If you want to improve estimations, you should train your model against 'observed FWI' (fire radiative power and burned areas could be useful in this context) not the one calculated from BUI and ISI.

We have been using the recommended datasets. If there is more adequate ones (i.e. 'observed FWI'), please feel free to share. However, the methodology and models previously developed and employed will suffer no change, only the inputs will be different.

cvitolo commented 5 years ago

I think there are too many things mentioned here, it's probably better to focus on one thing at the time.

The main point is that when you talk about bias you mean the difference between the GEFF-FWI (nc file you got from Zenodo, GEFF is the model used to generate fire danger indices) and the FWI your model predicts from ISI and BUI. Your current approach won't generate an improved FWI, compared to GEFF. The best it can do is to make the same prediction as GEFF. Do you agree?

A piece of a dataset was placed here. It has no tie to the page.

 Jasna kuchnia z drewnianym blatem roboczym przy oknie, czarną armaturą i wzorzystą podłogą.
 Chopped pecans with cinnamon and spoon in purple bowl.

eduardogfma commented 5 years ago

The main point is that when you talk about bias you mean the difference between the GEFF-FWI (nc file you got from Zenodo, GEFF is the model used to generate fire danger indices) and the FWI your model predicts from ISI and BUI.

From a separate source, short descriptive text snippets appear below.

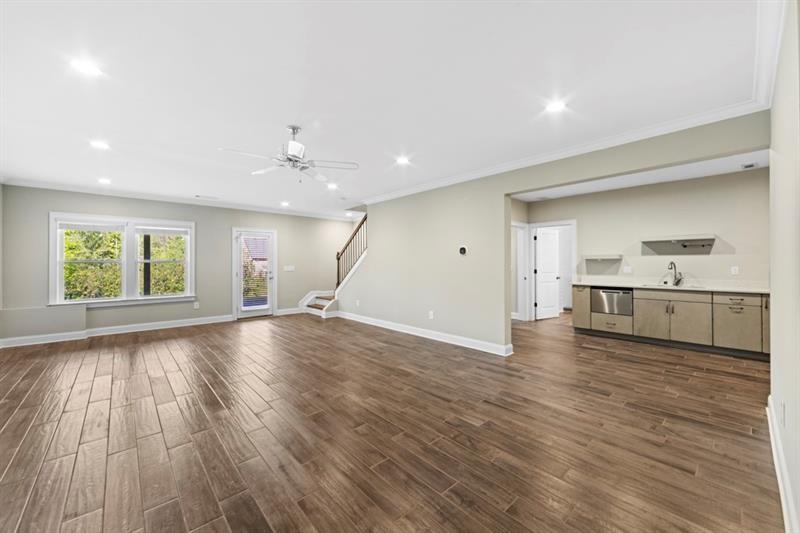 6454 Meridian Way Atlanta, GA 30328 - Photo 44 of 63 a view of a kitchen with wooden floor and a window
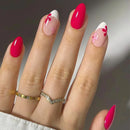 Obroi Hand with pink and white floral nail design on a neutral background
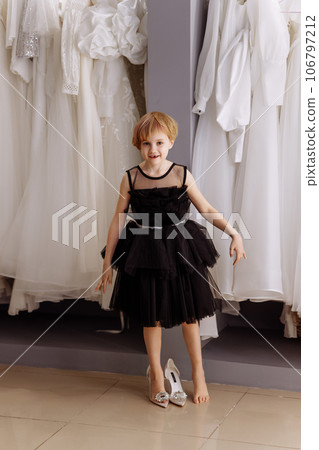 Little girl in a black evening dress in a clothing boutique Little girl in a black evening dress in a clothing boutique 106797212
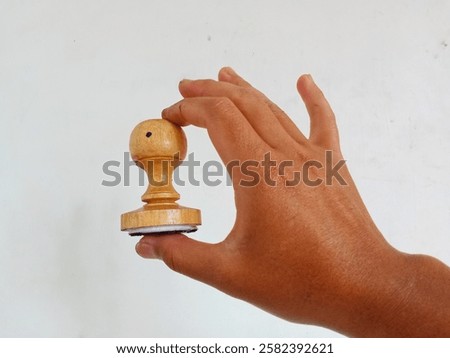 Similar – Image, Stock Photo Wooden stamp for hand printing patterns on fabric with paint. Printed fabric pattern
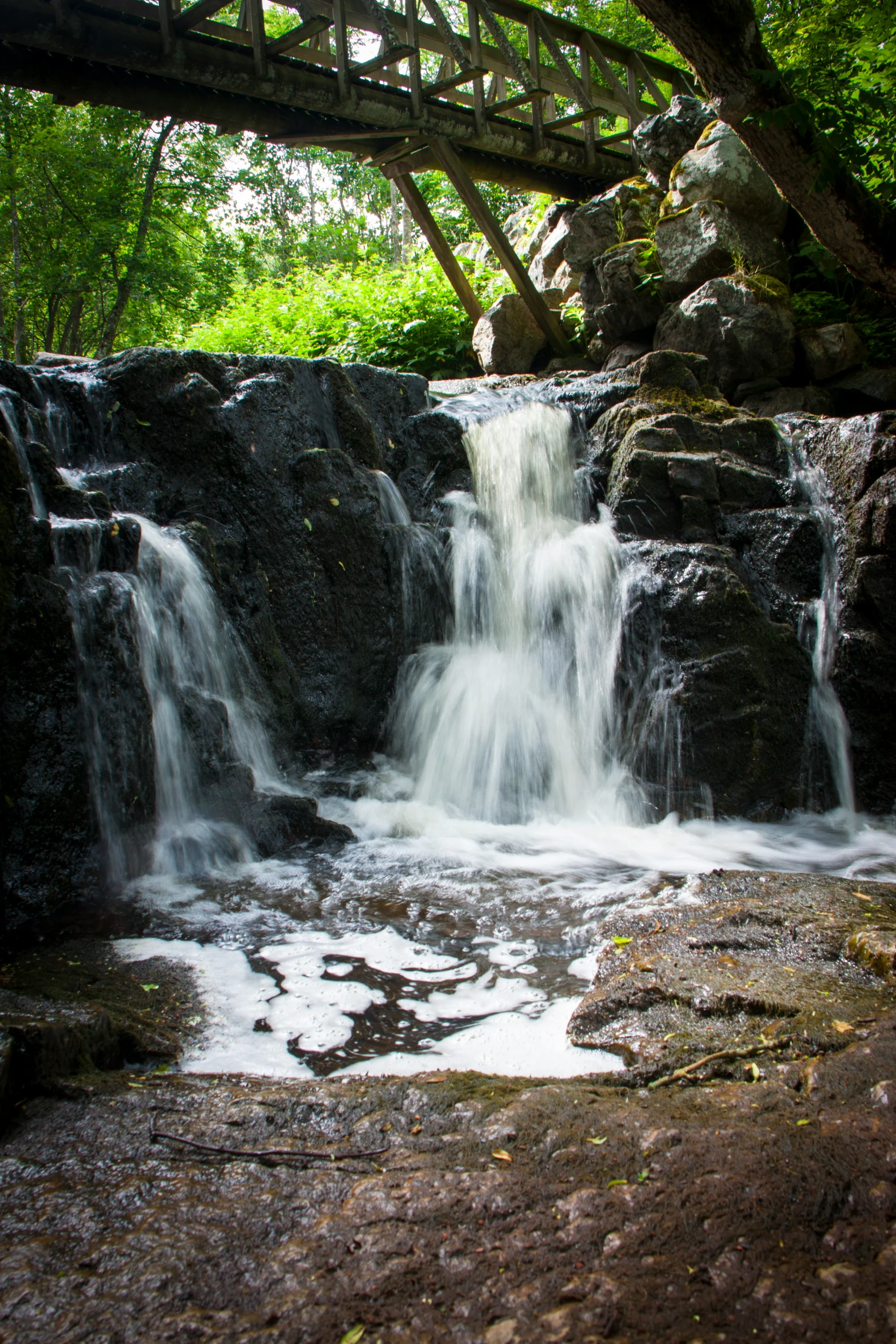 water fall under a bridge with a sky blue sky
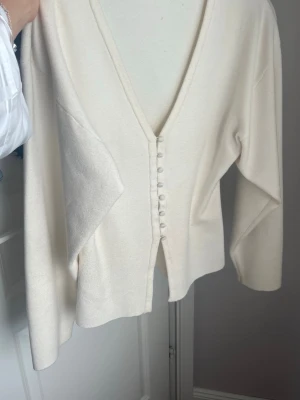 Krämvit kofta med knappar - Stilren krämvit kofta med djup V-ringning och dekorativa tygklädda knappar framtill. Koftan har långa ärmar och en mjuk, något tjockare stickad känsla. Passar perfekt till lager på lager och ger en clean look.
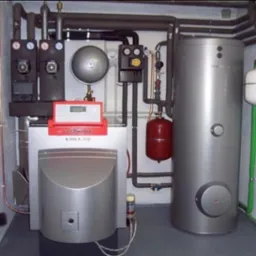 Kompaktowa kotłownia w piwnicy z kotłem Viessmann Vitola 200, zasobnikiem ciepłej wody, pompami obiegowymi i rozbudowaną instalacją rur w izolacji.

No, when I talk about bias I mean there is a mismatch between the FWI values computed by the GEFF-FWI and the actual/true FWI values that may be estimated after a fire incident takes place. This is in general true for any region, but is particular important (in our view) for locations outside Canada. This bias mitigation is what we have been referring to as calibration.

Your current approach won't generate an improved FWI, compared to GEFF. The best it can do is to make the same prediction as GEFF.

Our current work does not yet produce better estimates than GEFF. Up until now, we have been focused on building an infrastructure that is able to receive as many inputs/features as needed. And to validate that this infrastructure is working we need some comparison, in this case the Canadian FWI. Once we can achieve as good as GEFF's estimations, then we can input more features, e.g. radiative power and burned areas. It is our belief that those features are highly correlated with FWI, and by introducing them in the models we will be able to capture the degree each one of these actually has over the final FWI estimation.

A second step would be to analyse how this trained models actually behave in other regions. Here it is important to mention again that our fundamental assumption is that there is a nominal FWI scale. Assuming that is true, then pre-training the models with the Canadian FWI will enable them to capture the fundamental relationships between variables, and then by training once again using the local features the model will adapt those captured fundamental relationships to the local conditions, or so we hope.

cvitolo commented 5 years ago

Probably there is a misunderstanding, let's look at this in a different way.

Let's assume after your first experiment with Canada (where GEFF-FWI is reasonably close to the an 'hypothetical true value'), you decide to train your model on Indonesia. In Indonesia, GEFF-FWI is not as reliable as in Canada. How can you make better estimates than GEFF-FWI? And how are you going to measure the improvement?